(WORK ORDER)
The records that follow are to be given again exactly. Do not carry over any image.

(EXCERPTED RECORDS)
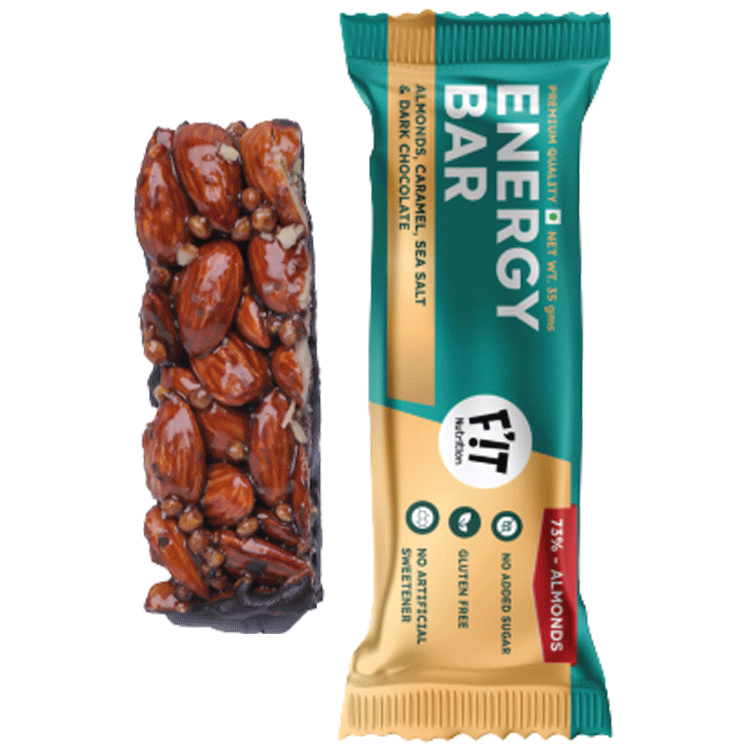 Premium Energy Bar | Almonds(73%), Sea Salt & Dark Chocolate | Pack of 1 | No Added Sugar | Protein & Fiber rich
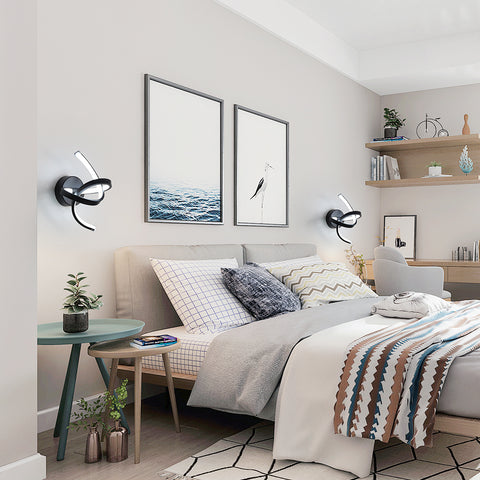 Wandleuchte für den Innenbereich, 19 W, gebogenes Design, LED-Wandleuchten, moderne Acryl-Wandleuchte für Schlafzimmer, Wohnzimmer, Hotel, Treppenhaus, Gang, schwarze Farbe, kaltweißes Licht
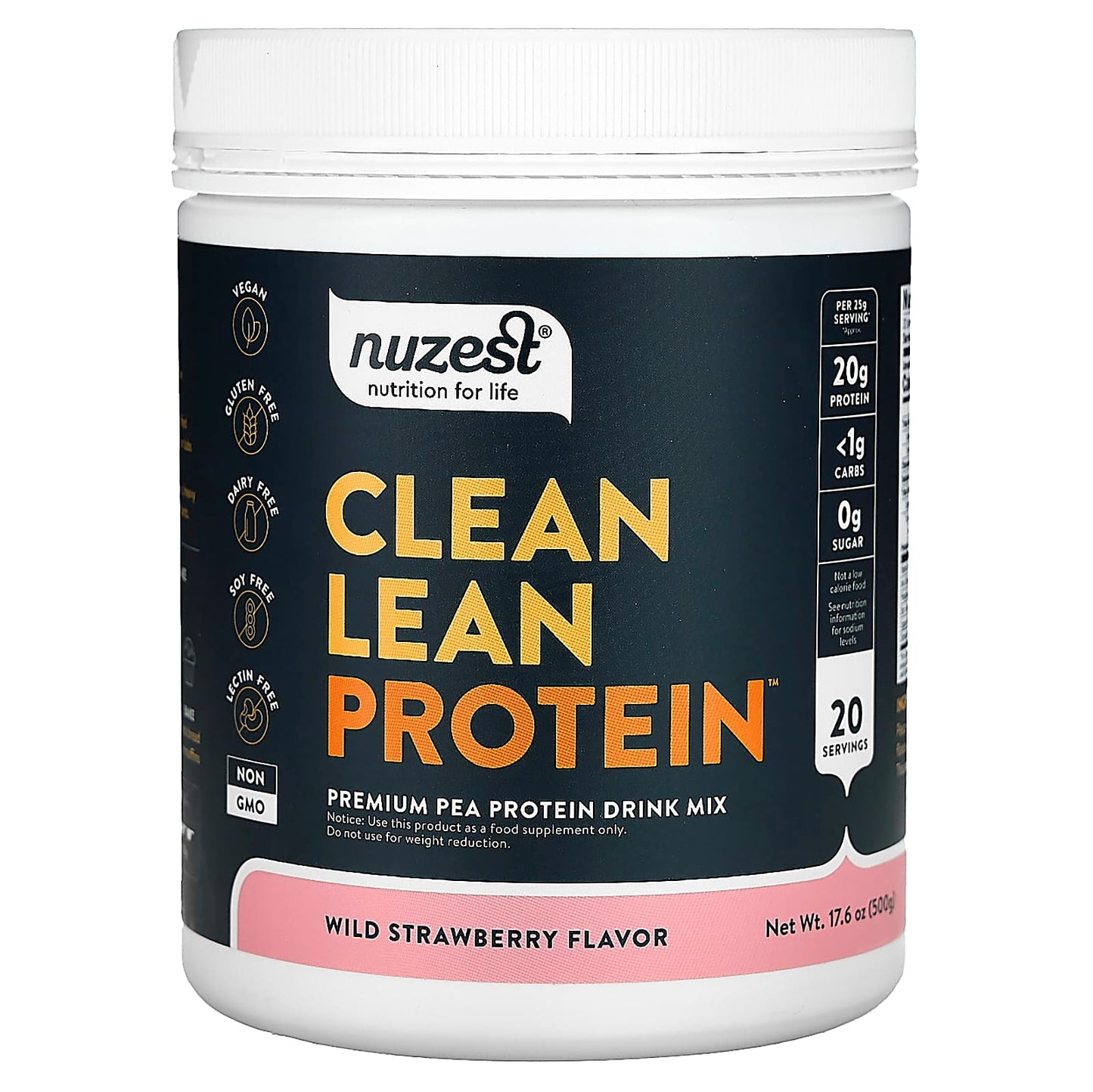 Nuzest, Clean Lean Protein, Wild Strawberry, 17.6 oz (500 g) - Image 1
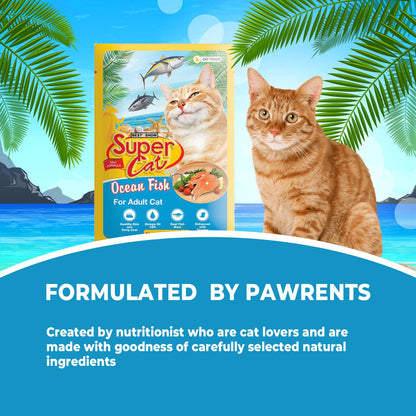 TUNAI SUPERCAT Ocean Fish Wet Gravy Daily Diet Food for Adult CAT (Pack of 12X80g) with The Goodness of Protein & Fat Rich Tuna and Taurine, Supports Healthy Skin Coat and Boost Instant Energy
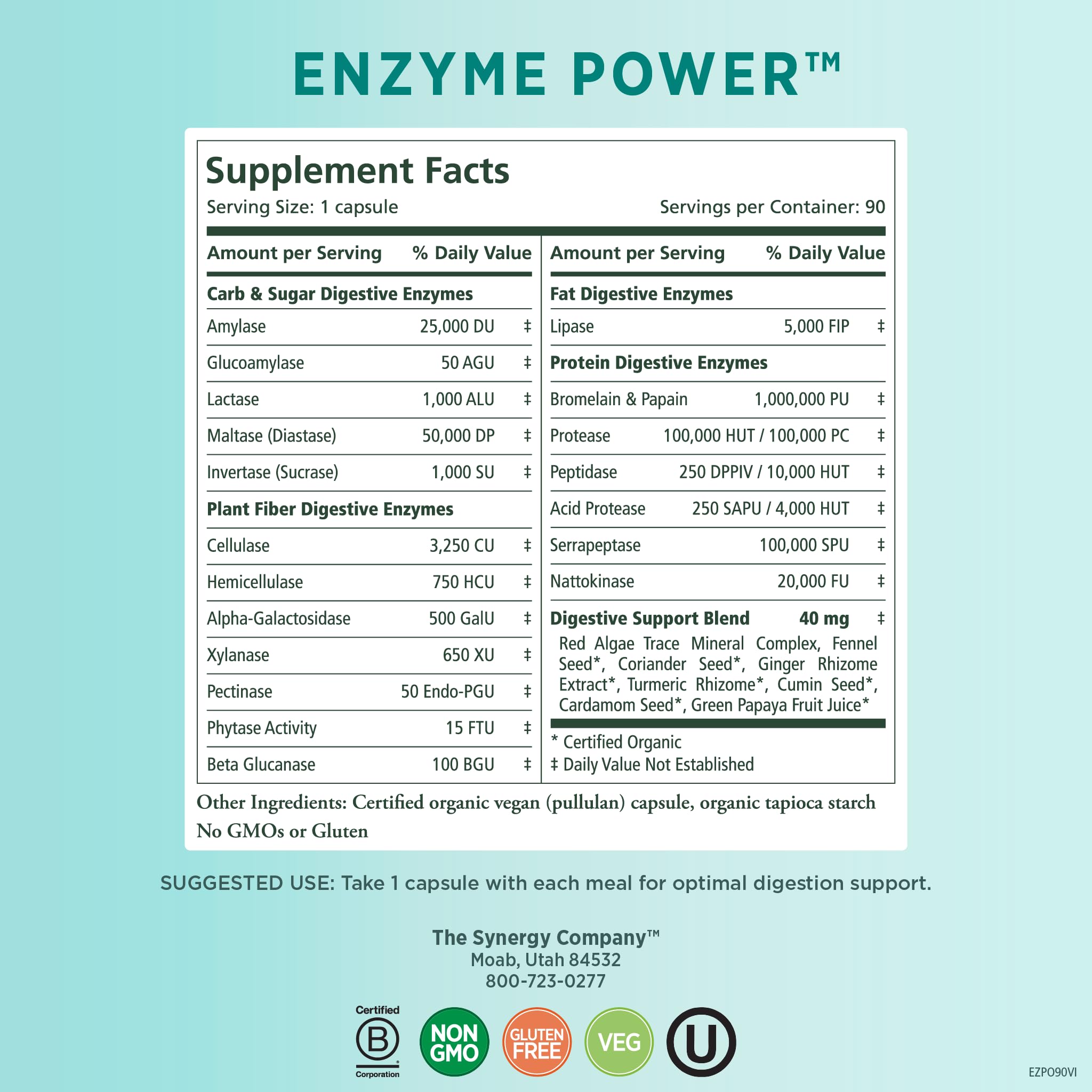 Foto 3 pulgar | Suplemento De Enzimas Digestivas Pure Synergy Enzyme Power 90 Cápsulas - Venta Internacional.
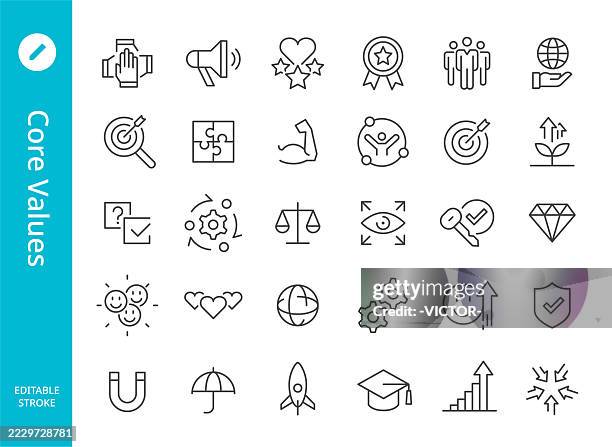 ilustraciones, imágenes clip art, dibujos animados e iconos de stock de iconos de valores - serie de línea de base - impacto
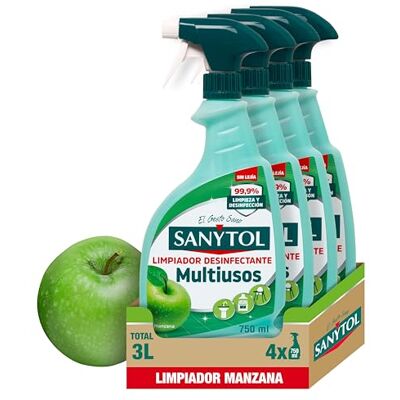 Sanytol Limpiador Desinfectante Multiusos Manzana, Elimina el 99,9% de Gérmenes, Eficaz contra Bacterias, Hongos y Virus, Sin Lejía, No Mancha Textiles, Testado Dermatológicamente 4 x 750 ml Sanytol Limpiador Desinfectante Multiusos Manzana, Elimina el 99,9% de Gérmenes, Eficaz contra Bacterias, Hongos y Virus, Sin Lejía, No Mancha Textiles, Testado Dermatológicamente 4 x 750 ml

(SOLUTION TO THE PROBLEM)
 Premium Energy Bar | Almonds(73%), Sea Salt & Dark Chocolate | Pack of 1 | No Added Sugar | Protein & Fiber rich
 Wandleuchte für den Innenbereich, 19 W, gebogenes Design, LED-Wandleuchten, moderne Acryl-Wandleuchte für Schlafzimmer, Wohnzimmer, Hotel, Treppenhaus, Gang, schwarze Farbe, kaltweißes Licht
 Nuzest, Clean Lean Protein, Wild Strawberry, 17.6 oz (500 g) - Image 1
 TUNAI SUPERCAT Ocean Fish Wet Gravy Daily Diet Food for Adult CAT (Pack of 12X80g) with The Goodness of Protein & Fat Rich Tuna and Taurine, Supports Healthy Skin Coat and Boost Instant Energy
 Foto 3 pulgar | Suplemento De Enzimas Digestivas Pure Synergy Enzyme Power 90 Cápsulas - Venta Internacional.
 ilustraciones, imágenes clip art, dibujos animados e iconos de stock de iconos de valores - serie de línea de base - impacto
 Sanytol Limpiador Desinfectante Multiusos Manzana, Elimina el 99,9% de Gérmenes, Eficaz contra Bacterias, Hongos y Virus, Sin Lejía, No Mancha Textiles, Testado Dermatológicamente 4 x 750 ml Sanytol Limpiador Desinfectante Multiusos Manzana, Elimina el 99,9% de Gérmenes, Eficaz contra Bacterias, Hongos y Virus, Sin Lejía, No Mancha Textiles, Testado Dermatológicamente 4 x 750 ml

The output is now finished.